EXERCISE DATA:
....

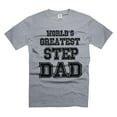 thumbnail image 1 of World's Greatest Step Dad Shirt Bonus Dad T Shirt Father's Day Gift Tee Stepfather Shirt (Large Grey), 1 of 6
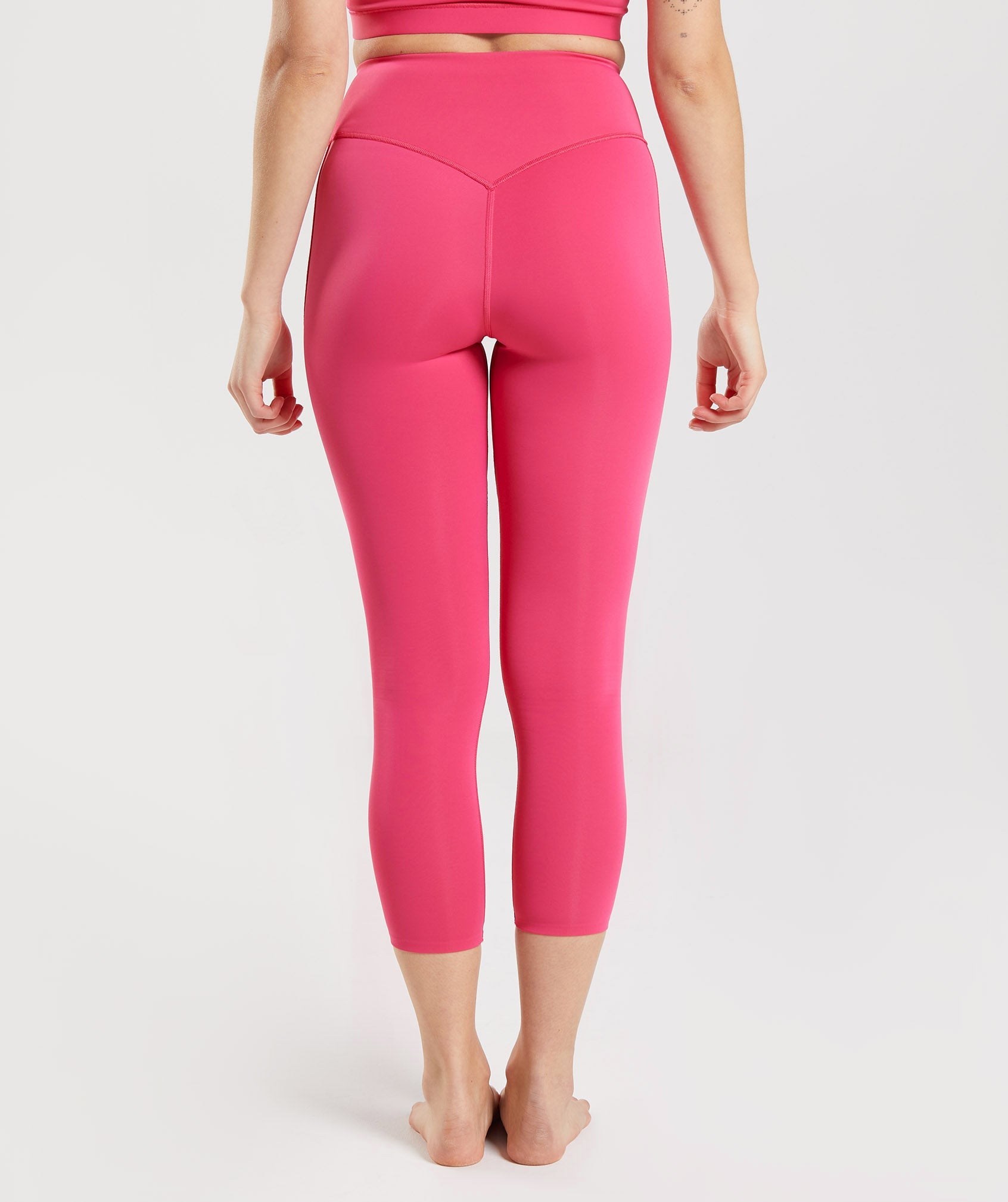 Soogs Body Care  Pink Leggings With Pockets White Logo
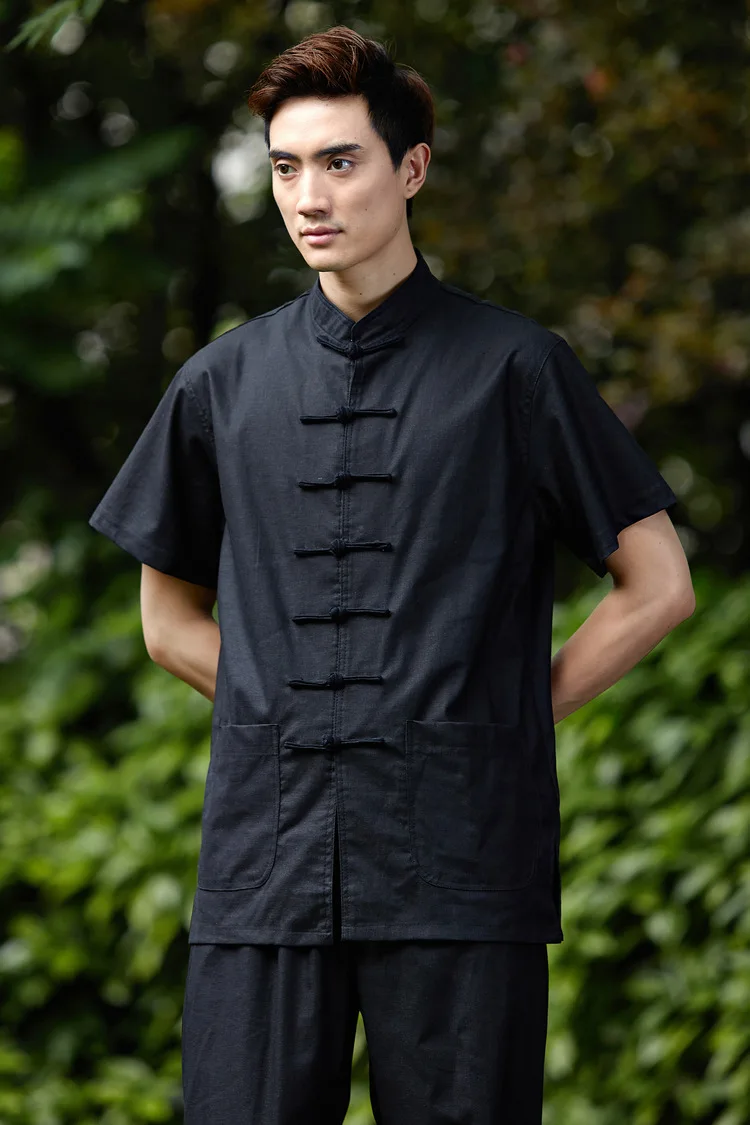 Рубашка для мужчин китайская традиционная 4 цвета|chinese shirt|kungfu shirtmen shirt |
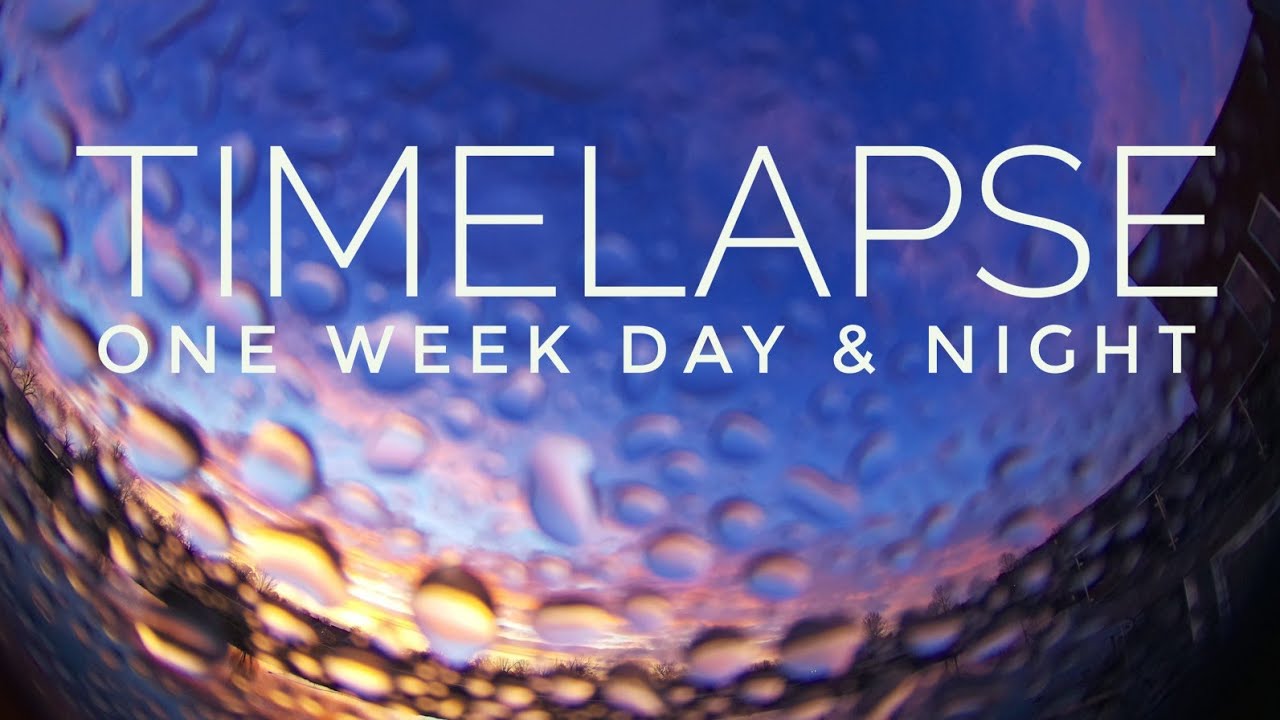Timelapse: A week of day-and-night sky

....

WHAT YOU WILL DO: Print only the lines running from the one containing "Рубашка для мужчин" to the end of the data above, exactly; include no pictures.

EXERCISE RESULT:
 Рубашка для мужчин китайская традиционная 4 цвета|chinese shirt|kungfu shirtmen shirt |
Timelapse: A week of day-and-night sky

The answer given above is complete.